Top of INFORMATION

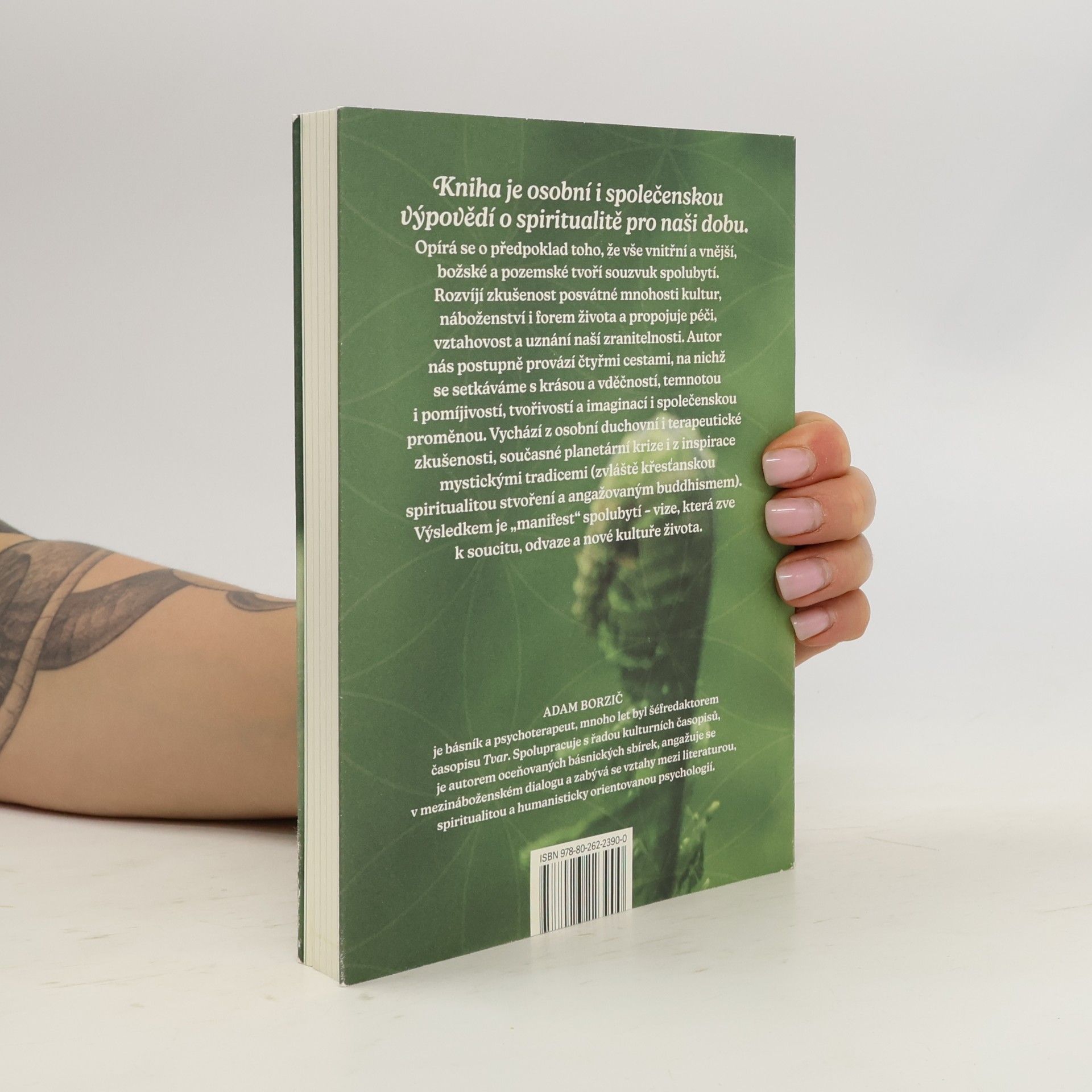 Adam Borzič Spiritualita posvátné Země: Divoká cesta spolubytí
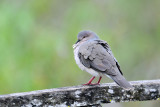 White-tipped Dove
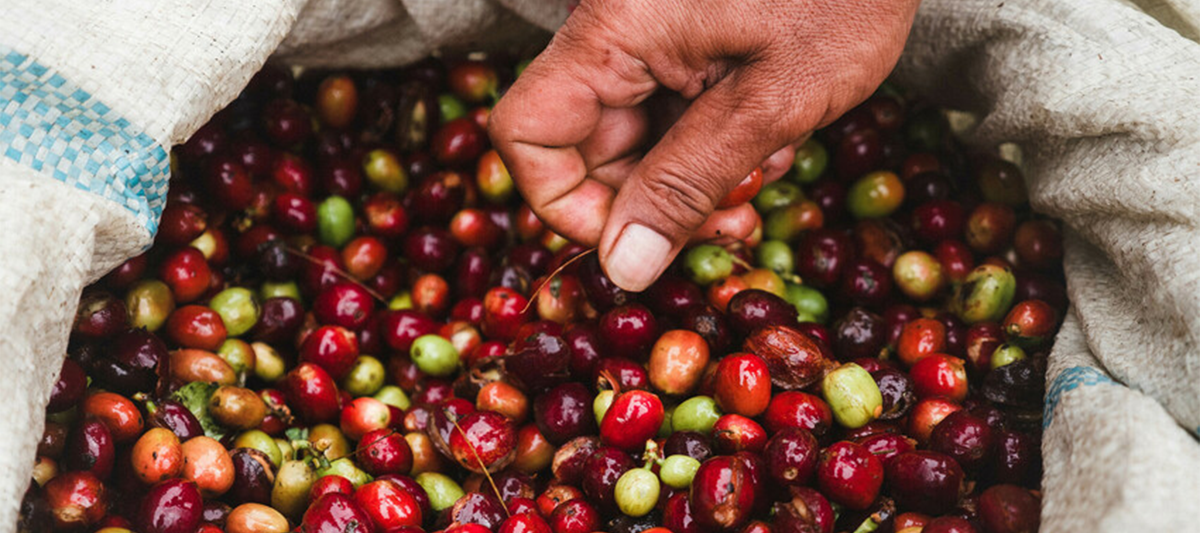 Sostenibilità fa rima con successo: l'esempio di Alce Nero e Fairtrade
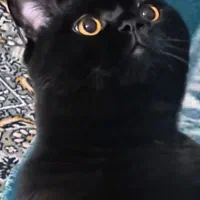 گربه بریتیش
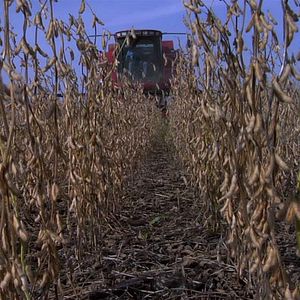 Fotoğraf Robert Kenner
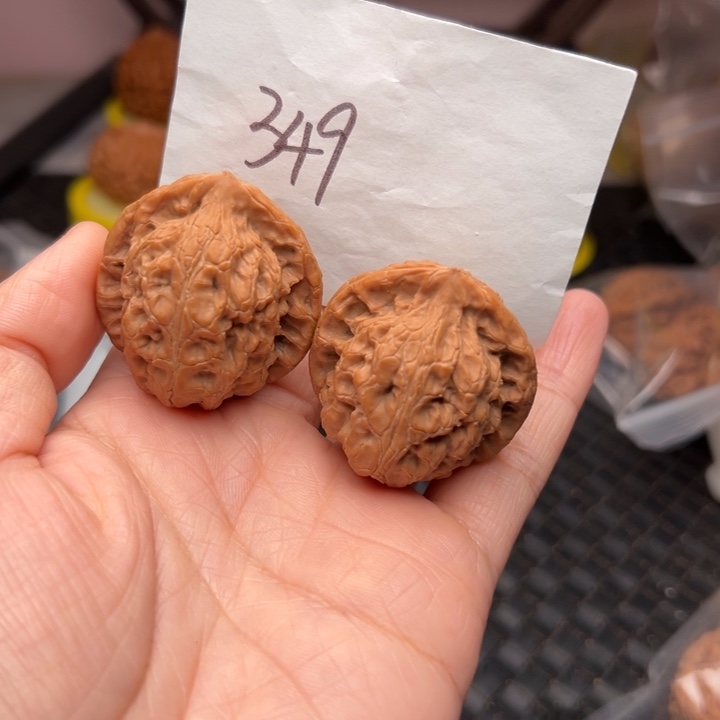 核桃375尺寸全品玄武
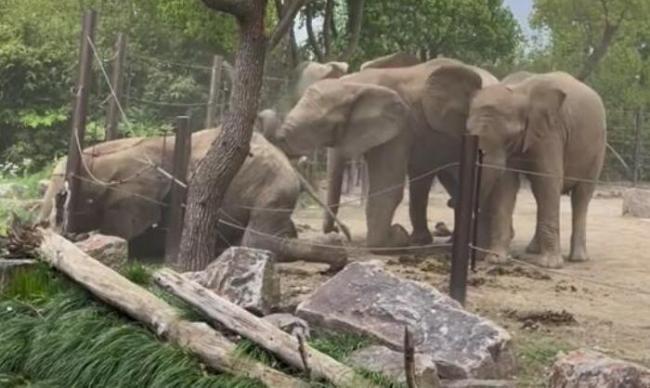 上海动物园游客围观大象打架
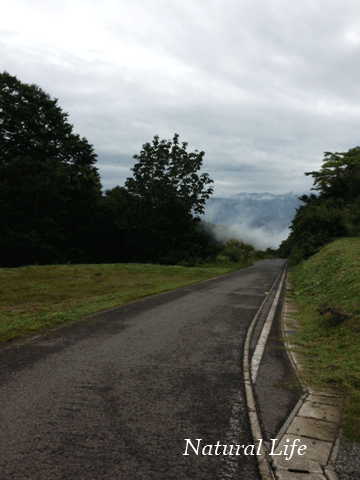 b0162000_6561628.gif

Bottom of INFORMATION
Top of INFORMATION

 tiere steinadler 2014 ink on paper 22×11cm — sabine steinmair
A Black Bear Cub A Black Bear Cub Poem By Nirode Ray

Bottom of INFORMATION
Top of INFORMATION

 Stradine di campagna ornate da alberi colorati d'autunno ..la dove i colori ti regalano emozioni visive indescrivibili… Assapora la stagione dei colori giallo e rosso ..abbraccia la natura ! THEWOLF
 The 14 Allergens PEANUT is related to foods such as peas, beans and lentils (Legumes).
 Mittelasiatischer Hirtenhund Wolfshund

Bottom of INFORMATION

→ **TO DO**
Using the material above, reproduce only the lines that run from the line with "Fotoğraf Robert Kenner" up to and including the line with "b0162000_6561628.gif", exactly, with the pictures dropped.

→ **REPLY**
 Fotoğraf Robert Kenner
 核桃375尺寸全品玄武
 上海动物园游客围观大象打架
 b0162000_6561628.gif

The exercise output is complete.